We understand that every project aims to solve a very practical problem for the business. This is why we want to make sure that we completely understand the problem itself and that — to the very best of our knowledge — we are offering you the most optimal solution. We then present you with our detailed estimation work and delivery plan to ensure we remain on the same page and have the same “definition of done.” In fact, we won’t start any work at all until our expectations become fully in alignment. Our plans are also accompanied by a detailed list of identified risks, as risk management is a continuous process of the Software Planet Group development cycle. To cover any unforeseen challenges, we will usually add a contingency buffer to our delivery plan, which will also be explained in detail to dispel your company’s lingering doubts. When confronted with any challenges, we will make the fact known to you, devise the proposed solution or workaround and indicate its impact on our contingency buffer. In this way, we can jointly agree on the best possible course of action. We love to deliver the full scope of our projects on time, just as much as our customers do!

Q: Do your services come with any warranty?

Our services come with a warranty period that will usually last between 30 and 120 days. This depends on the project nature and size.
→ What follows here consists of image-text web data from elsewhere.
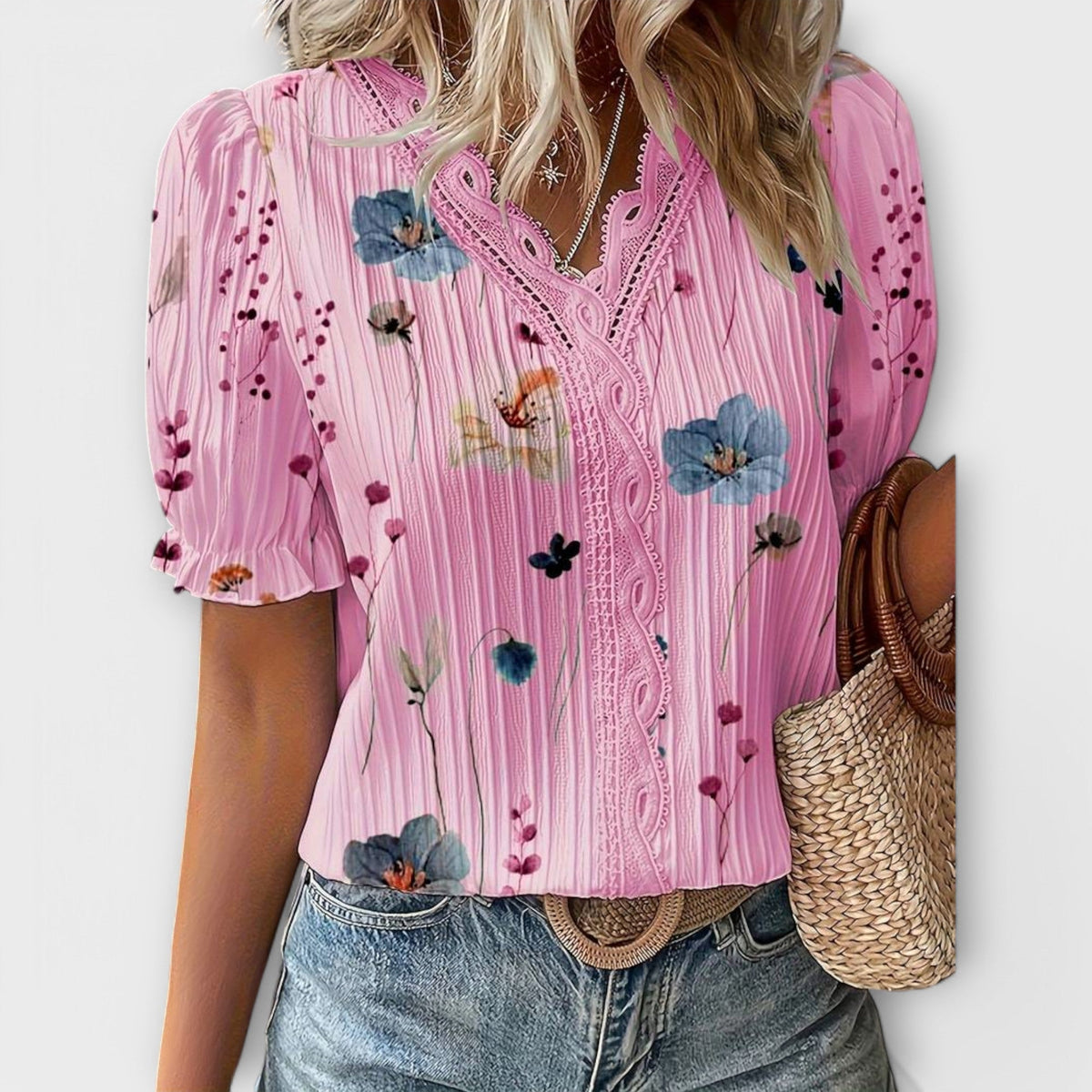 ISABELLA | Blusa con escote en V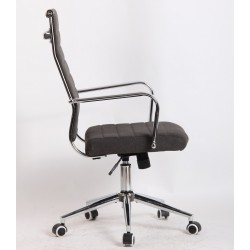 Sillón HONORIO, metal, tapizado velvet 19 gris (Pack de 2 unidades)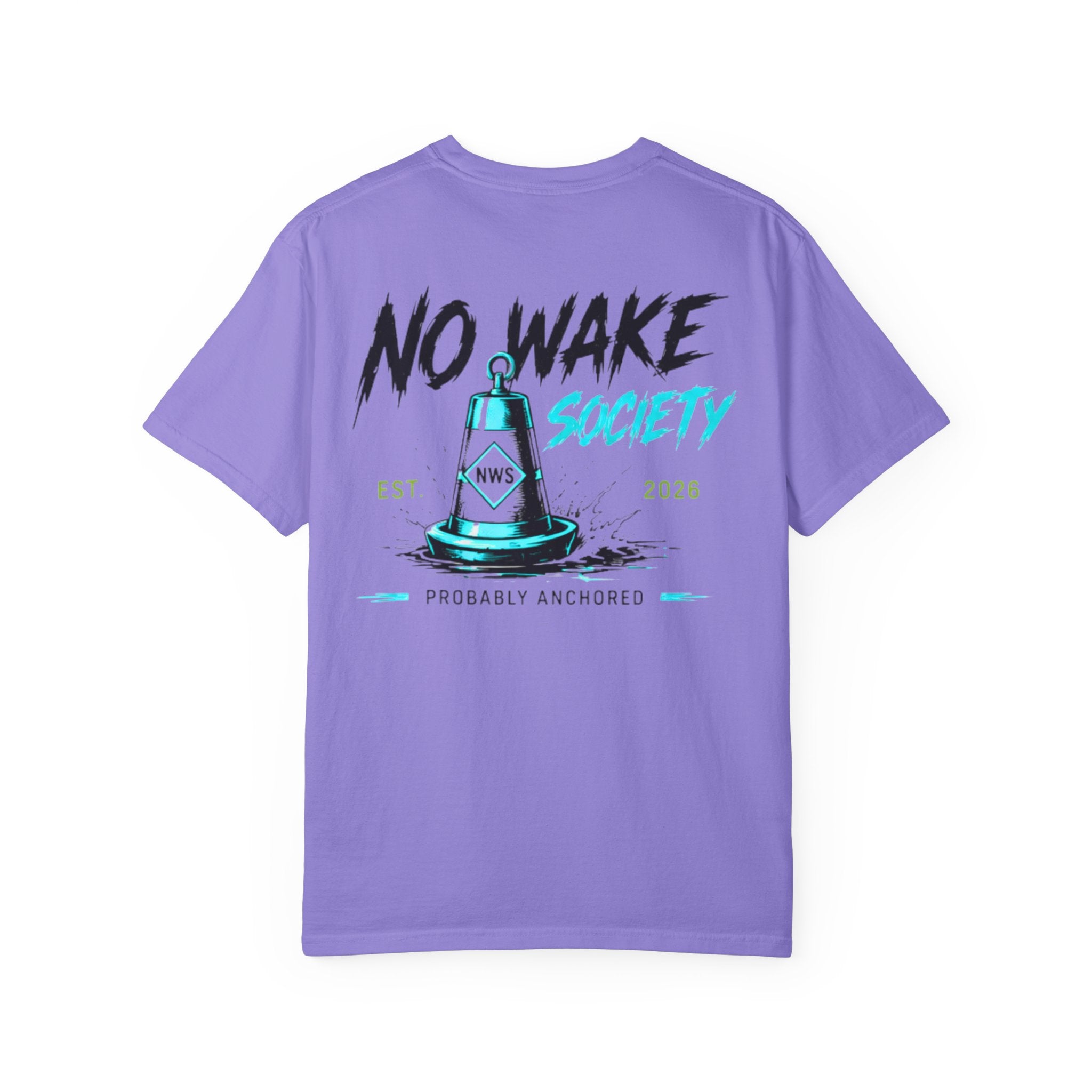 Rat Lake Luxury 'No Wake Society' T‑Shirt — Lake Weekend Water Warrior Tee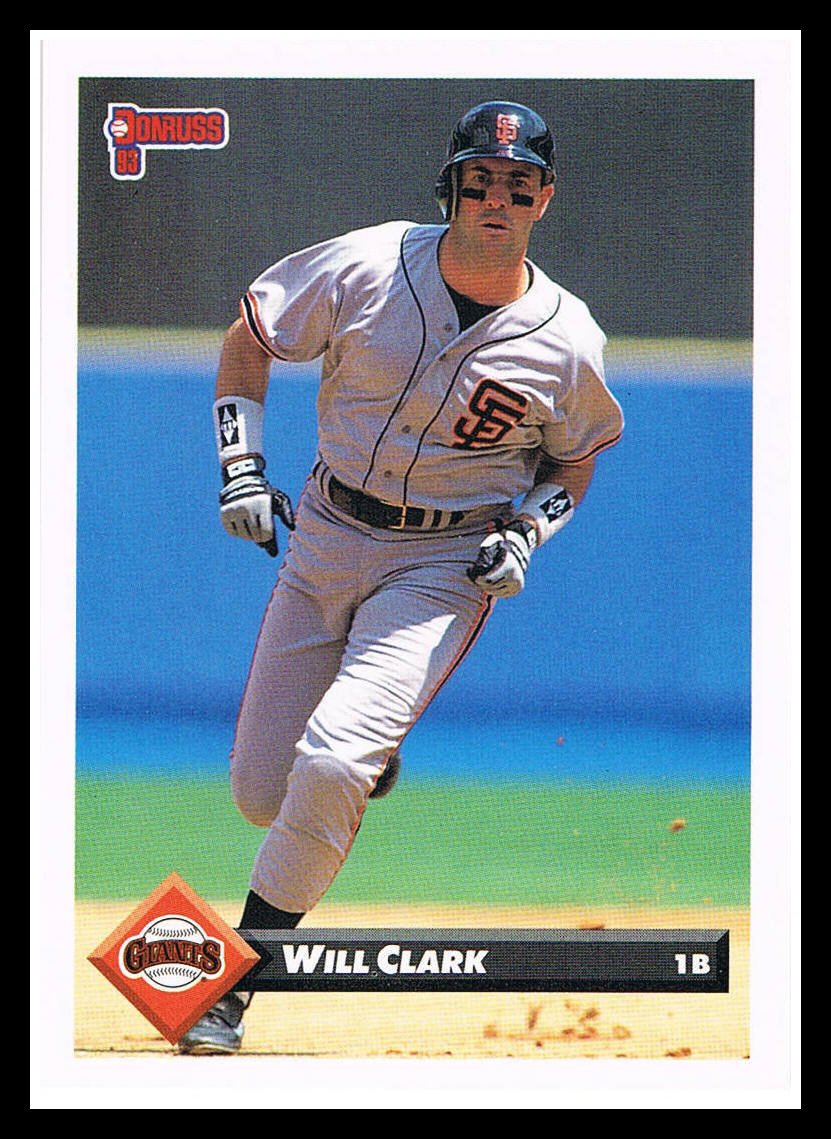 1993 Will Clark 446 Series 2 Donruss Baseball Trading Card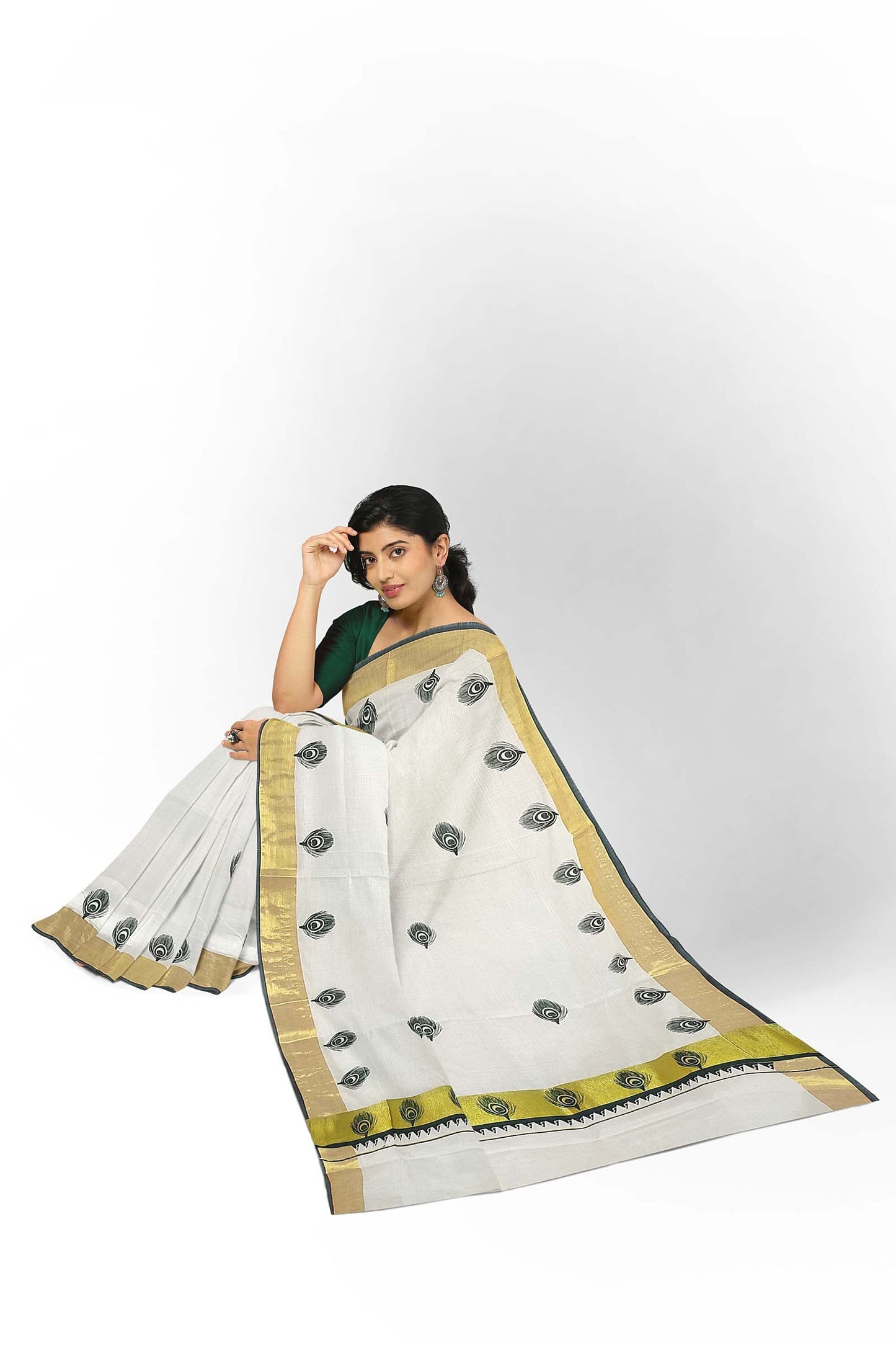 Kerala Printed Saree for Women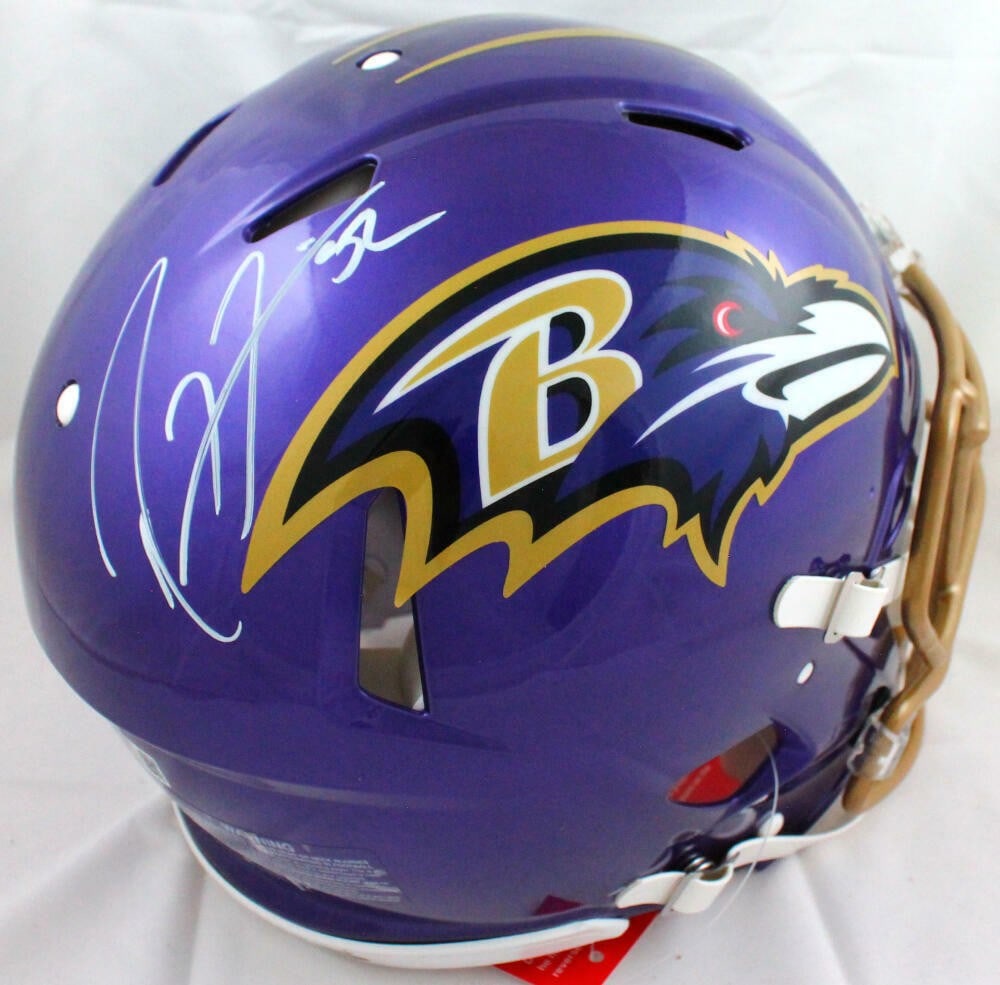 Ray Lewis Signed Baltimore Ravens Full Size Helmet Beckett Authenticated (1 of 10)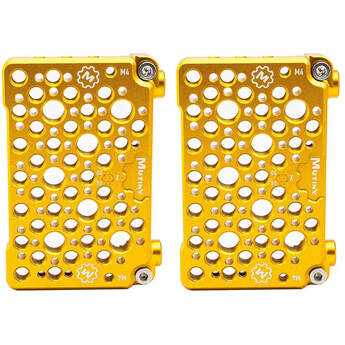 MUTINY Lil Shawty Cheese Plate for RED KOMODO-X (Nikon Gold, Pair)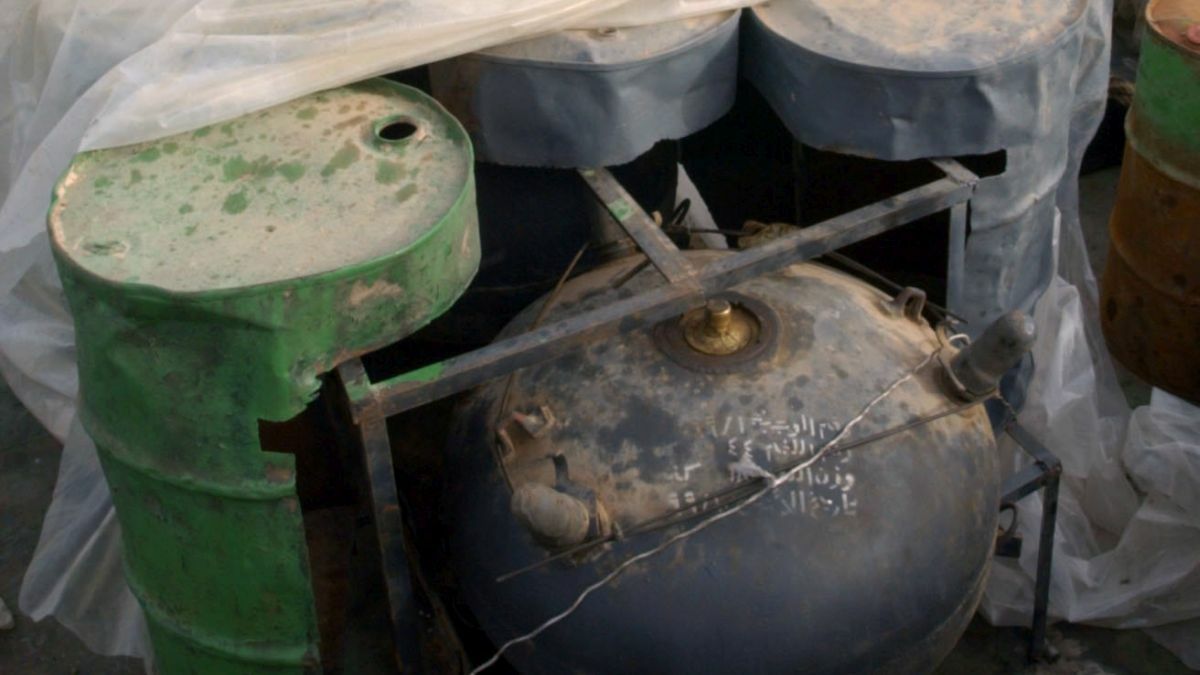 Example of an improvised explosive device sea mine found in Middle East conflicts (image: US Navy)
Q: The project has now finished. What should we do if we identify a defect after the active development phase has passed?

We are as flawed as the world around us, and defects do sometimes creep in unnoticed (despite the multitude of testing levels applied to our projects). In these circumstances, our policy is always to resolve the defect and make sure that nothing will prevent end users from operating the software solution. This is done somewhat easier throughout the active development phase, as the issue can be prioritised and placed into the current backlog. Nevertheless, even after development has ended, we can still bring back our team members and take care of any newfound problems.

Q: After the go-live and 3-month support period (warranty) is over, would we be expected to manage the application on our own? If so, what sort of skills would be needed in-house, and what sorts of problems would you foresee us facing?

As set out above, our primary objective is to support our customers, and by extension, their valued users. So in reality, no matter when the problem occurs — three months or three years after development — we will always do our very best to resolve it. This may be a subject to an SLA, but we will never hang our customers out to dry.

As for the in-house expertise, it is worth pointing out that knowledge transfer (KT) is a major component of our project finalisation phase. This means that we will ensure your specialists (or other support providers) have all the artefacts and information pertaining to the solution, its architecture and environment and are comfortable when it comes to supporting it. In addition, we offer long-term Tier 2 and Tier 3 support to our customers.

Q: There may be ongoing tweaks needed to the application or service, as well as the inevitable patches as newer versions of required platforms and operating systems are released. Do you expect your customers to have to manage this responsibility on their own, or should they seek an alternative partner, or even engage with SPG on an ad-hoc basis?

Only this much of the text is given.